Qui sotto vi lascio altre ricette di lasagne tutte da provare e poi, andiamo come sempre, subito sotto la foto, a scoprire come si preparano le Lasagne alla Genovese 😉
A presto con la prossima ricetta, Ana Amalia!

Ascolta la ricetta
- DifficoltàFacile
- CostoMolto economico
- Tempo di preparazione20 Minuti
- Tempo di riposo10 Minuti
- Tempo di cottura25 Minuti
- Porzioni4Persone
- Metodo di cotturaFornelloForno elettrico
- CucinaRegionale Italiana
- StagionalitàTutte le stagioni
- RegioneLiguria
Ingredienti per le Lasagne alla Genovese
Per la base ed il condimento
Per la besciamella fluida
Come si preparano le Lasagne alla Genovese
1. Preparazione della besciamella fluida
1- In un pentolino fate sciogliere il burro a fuoco dolce. Spostate momentaneamente dal fuoco e aggiungete la farina in un solo colpo, mescolando rapidamente con una frusta a mano per evitare la formazione di grumi, fino a ottenere un roux dorato.
2- Rimettete sul fuoco e versate il latte intero già caldo a filo, continuando a mescolare.
3- Regolate di sale e aggiungete un pizzico di noce moscata. Proseguite la cottura a fiamma medio-bassa finché la besciamella non si sarà addensata, bastano davvero 3 o 4 minuti, mantenetela abbastanza fluida: una consistenza più liquida aiuterà le sfoglie di pasta a cuocere perfettamente in forno.
2. Creazione della crema al pesto
1- Lasciate intiepidire leggermente la besciamella per qualche minuto.
2- Unite il pesto alla genovese (potete farlo in casa) direttamente alla besciamella e mescolate a fondo con la frusta fino a ottenere una crema liscia, omogenea e dal colore verde uniforme.
Nota: evitare di scaldare il pesto sul fuoco per non alterarne il sapore e il colore brillante.
3. Assemblaggio delle lasagne
1- Prendete una pirofila rettangolare (circa 20 x 30) e distribuite sul fondo un velo sottile di crema di besciamella e pesto.
2- Posizionate il primo strato di sfoglie di pasta all’uovo fresca, coprendo bene tutta la superficie.
Se utilizzate la sfoglia pronta ma secca, passatele velocemente in acqua bollente qualche secondo quindi scolatele su un canovaccio.
3- Coprite la pasta con una generosa cucchiaiata di crema al pesto, distribuendola in modo uniforme, e spolverizzate con un’abbondante manciata di formaggio grattugiato.
(Se optate per la variante ricca, questo è il momento di distribuire anche un velo di patate lesse a fette sottili e fagiolini sbolliti).

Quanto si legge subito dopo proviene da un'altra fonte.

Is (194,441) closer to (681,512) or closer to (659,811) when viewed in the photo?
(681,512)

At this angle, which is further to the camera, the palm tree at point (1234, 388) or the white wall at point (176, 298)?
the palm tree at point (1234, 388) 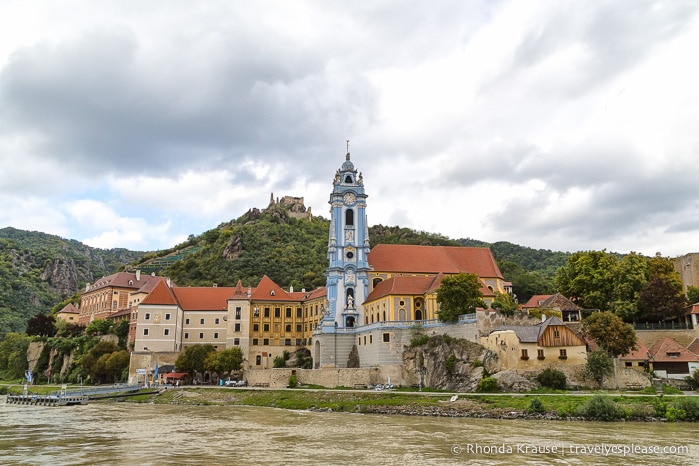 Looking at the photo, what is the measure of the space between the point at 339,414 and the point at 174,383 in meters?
28.7

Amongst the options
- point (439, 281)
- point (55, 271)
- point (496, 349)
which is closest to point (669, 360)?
point (496, 349)

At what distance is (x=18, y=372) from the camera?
3590 inches

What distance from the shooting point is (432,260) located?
7131cm

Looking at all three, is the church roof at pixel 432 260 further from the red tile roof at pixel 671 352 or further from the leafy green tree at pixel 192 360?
the leafy green tree at pixel 192 360

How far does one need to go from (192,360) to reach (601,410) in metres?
44.6

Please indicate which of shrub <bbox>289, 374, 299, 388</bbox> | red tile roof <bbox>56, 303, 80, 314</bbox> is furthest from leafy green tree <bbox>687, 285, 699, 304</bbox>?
red tile roof <bbox>56, 303, 80, 314</bbox>

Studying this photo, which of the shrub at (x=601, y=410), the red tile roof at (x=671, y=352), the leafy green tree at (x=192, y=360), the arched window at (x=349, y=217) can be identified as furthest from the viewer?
the arched window at (x=349, y=217)

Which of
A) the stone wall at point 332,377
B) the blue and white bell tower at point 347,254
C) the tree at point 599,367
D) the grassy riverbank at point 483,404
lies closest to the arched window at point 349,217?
the blue and white bell tower at point 347,254

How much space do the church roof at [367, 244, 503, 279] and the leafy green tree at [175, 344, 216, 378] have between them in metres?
22.0

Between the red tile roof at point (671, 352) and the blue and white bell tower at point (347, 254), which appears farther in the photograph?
the blue and white bell tower at point (347, 254)

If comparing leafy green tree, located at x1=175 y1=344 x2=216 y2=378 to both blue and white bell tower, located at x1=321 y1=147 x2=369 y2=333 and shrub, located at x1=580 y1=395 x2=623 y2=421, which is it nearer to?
blue and white bell tower, located at x1=321 y1=147 x2=369 y2=333

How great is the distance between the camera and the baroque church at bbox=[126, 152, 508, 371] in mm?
61625

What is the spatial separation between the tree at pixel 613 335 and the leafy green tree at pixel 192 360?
1627 inches

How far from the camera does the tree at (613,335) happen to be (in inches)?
1928
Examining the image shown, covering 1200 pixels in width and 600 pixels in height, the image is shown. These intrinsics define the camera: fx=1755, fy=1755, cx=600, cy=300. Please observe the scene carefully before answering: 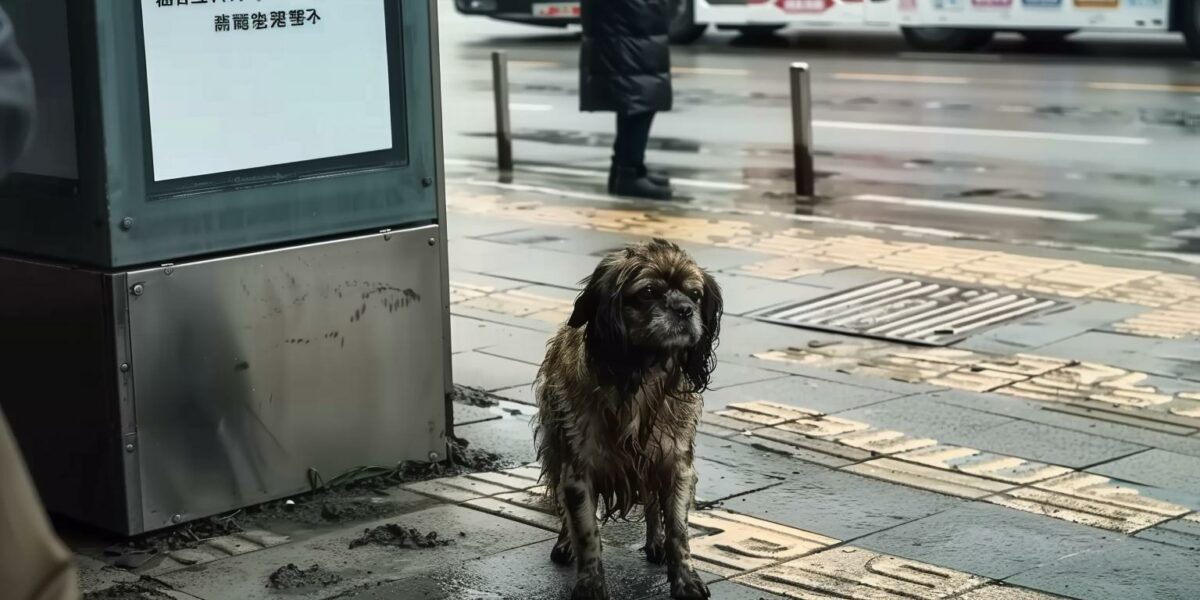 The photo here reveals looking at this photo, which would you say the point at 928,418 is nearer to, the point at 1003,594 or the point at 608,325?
the point at 1003,594

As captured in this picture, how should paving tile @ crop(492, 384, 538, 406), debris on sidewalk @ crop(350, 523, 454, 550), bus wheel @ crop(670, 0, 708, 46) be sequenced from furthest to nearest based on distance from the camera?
bus wheel @ crop(670, 0, 708, 46)
paving tile @ crop(492, 384, 538, 406)
debris on sidewalk @ crop(350, 523, 454, 550)

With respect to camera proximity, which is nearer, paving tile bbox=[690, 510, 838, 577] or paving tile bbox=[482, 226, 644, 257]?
paving tile bbox=[690, 510, 838, 577]

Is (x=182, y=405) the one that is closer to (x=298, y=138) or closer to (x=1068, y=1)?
(x=298, y=138)

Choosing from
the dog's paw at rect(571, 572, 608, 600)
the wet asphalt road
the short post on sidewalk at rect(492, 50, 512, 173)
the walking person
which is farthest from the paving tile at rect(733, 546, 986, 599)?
the short post on sidewalk at rect(492, 50, 512, 173)

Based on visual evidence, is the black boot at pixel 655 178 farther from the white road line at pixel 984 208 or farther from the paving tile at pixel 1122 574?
the paving tile at pixel 1122 574

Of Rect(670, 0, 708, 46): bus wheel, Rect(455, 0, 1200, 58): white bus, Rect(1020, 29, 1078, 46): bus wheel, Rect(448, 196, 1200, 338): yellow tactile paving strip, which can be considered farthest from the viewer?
Rect(670, 0, 708, 46): bus wheel

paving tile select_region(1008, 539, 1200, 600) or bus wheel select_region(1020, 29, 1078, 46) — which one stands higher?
bus wheel select_region(1020, 29, 1078, 46)

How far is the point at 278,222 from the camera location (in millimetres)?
5762

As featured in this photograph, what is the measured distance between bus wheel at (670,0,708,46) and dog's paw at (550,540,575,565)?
72.9 feet

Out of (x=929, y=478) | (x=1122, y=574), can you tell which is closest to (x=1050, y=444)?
(x=929, y=478)

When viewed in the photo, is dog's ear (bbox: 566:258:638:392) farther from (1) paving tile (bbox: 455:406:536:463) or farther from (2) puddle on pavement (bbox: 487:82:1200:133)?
(2) puddle on pavement (bbox: 487:82:1200:133)

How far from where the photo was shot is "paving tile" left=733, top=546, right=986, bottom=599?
4.96 m

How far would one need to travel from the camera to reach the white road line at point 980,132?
50.6 feet

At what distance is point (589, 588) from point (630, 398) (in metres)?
0.56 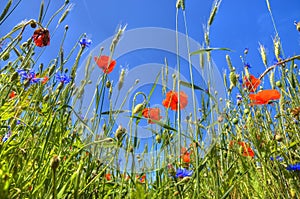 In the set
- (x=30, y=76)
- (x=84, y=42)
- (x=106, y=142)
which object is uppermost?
(x=84, y=42)

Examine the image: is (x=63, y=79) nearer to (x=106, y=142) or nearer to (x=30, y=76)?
(x=30, y=76)

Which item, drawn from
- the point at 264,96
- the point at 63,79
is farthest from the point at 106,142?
the point at 264,96

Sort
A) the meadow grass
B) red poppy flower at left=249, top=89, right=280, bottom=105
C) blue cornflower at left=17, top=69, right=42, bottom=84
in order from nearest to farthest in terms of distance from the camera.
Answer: the meadow grass < blue cornflower at left=17, top=69, right=42, bottom=84 < red poppy flower at left=249, top=89, right=280, bottom=105

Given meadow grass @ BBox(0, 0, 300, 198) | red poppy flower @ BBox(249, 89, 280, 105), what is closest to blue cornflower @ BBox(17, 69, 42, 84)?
meadow grass @ BBox(0, 0, 300, 198)

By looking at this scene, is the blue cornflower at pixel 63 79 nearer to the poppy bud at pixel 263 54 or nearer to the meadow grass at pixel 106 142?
the meadow grass at pixel 106 142

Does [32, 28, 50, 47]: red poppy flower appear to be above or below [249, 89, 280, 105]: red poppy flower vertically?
above

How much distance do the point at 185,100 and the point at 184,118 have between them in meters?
0.26

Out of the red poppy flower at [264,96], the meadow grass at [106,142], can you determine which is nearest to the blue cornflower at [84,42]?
the meadow grass at [106,142]

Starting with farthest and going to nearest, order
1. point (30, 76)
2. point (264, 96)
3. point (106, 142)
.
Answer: point (264, 96)
point (30, 76)
point (106, 142)

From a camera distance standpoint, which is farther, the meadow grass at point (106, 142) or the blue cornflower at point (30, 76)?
the blue cornflower at point (30, 76)

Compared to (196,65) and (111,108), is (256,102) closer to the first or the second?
(196,65)

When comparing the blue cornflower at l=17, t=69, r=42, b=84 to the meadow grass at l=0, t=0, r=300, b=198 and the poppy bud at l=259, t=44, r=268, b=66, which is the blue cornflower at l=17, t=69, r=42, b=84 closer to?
the meadow grass at l=0, t=0, r=300, b=198

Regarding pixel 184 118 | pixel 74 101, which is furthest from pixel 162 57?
pixel 74 101

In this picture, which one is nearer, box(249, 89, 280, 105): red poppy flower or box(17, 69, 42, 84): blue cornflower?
box(17, 69, 42, 84): blue cornflower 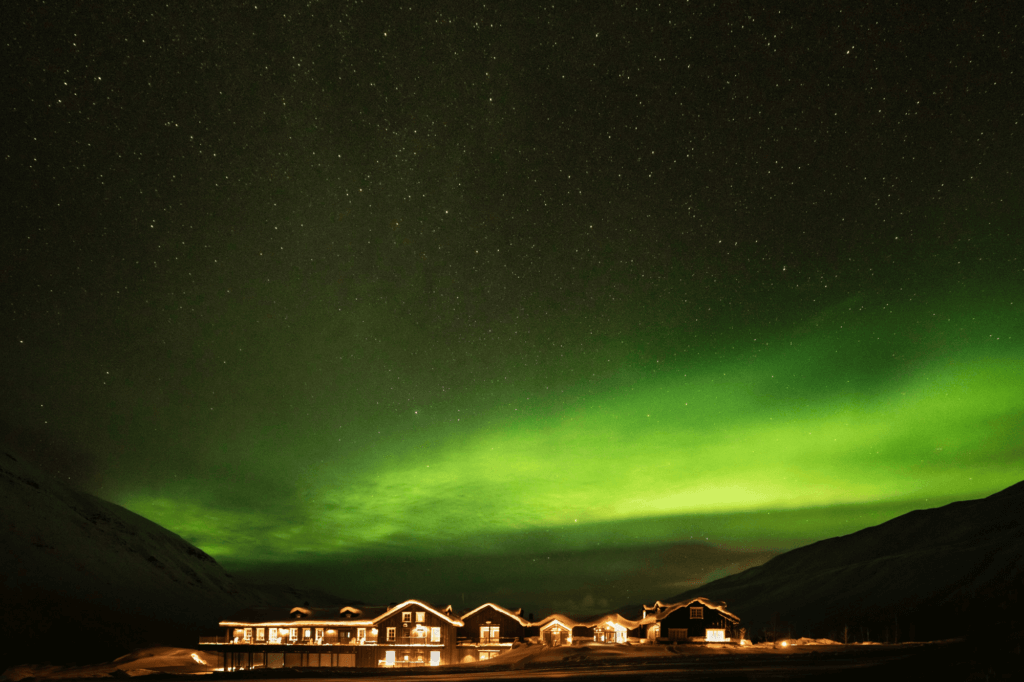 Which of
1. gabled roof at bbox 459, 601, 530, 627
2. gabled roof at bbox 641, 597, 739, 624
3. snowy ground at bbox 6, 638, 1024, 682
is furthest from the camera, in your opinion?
gabled roof at bbox 641, 597, 739, 624

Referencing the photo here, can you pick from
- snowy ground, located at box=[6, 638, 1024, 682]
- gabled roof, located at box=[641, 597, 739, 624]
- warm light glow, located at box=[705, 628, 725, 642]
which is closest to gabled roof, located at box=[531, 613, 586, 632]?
snowy ground, located at box=[6, 638, 1024, 682]

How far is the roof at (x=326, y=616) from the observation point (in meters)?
85.4

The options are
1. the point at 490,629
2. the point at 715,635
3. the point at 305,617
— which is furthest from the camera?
the point at 715,635

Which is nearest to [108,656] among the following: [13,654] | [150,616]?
[13,654]

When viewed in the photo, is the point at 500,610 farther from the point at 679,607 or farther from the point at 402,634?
the point at 679,607

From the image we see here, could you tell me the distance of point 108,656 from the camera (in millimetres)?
137250

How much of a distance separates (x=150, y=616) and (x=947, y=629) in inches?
7034

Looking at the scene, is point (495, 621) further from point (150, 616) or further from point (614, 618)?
point (150, 616)

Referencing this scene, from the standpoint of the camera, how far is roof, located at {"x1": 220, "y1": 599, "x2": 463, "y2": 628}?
85.4 m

4- Ripetete l’operazione realizzando almeno 5 o 7 strati, alternando pasta, crema e formaggio, fino a esaurimento degli ingredienti.
4. Cottura e finitura
1- Terminate l’ultimo strato con una copertura generosa di crema al pesto e un’ultima spolverata ricca di formaggio grattugiato per favorire la gratinatura.
2- Cuocete in forno statico preriscaldato a 200°C per circa 20-25 minuti nel ripiano centrale. Se necessario, azionate la funzione grill negli ultimi 3 minuti per ottenere una crosticina dorata in superficie.
3- Sfornate le lasagne alla genovese e lasciatele riposare per 5-10 minuti prima di tagliarle e servirle: questo passaggio permetterà agli strati di assestarsi e di mantenere la forma perfetta al taglio.
Conservazione, consigli e varianti
Le lasagne alla genovese si conservano in frigorifero, chiuse in un contenitore ermetico o coperte con pellicola trasparente, per un massimo di 2-3 giorni.
È possibile congelare le lasagne sia da crude che da cotte, a patto che abbiate utilizzato ingredienti freschi e non decongelati:
Da crude: assemblate la teglia, copritela accuratamente e congelatela. Al momento del consumo, potete cuocerle direttamente in forno statico preriscaldato a 180°C per circa 45-50 minuti (coprendo con alluminio nella prima mezz’ora).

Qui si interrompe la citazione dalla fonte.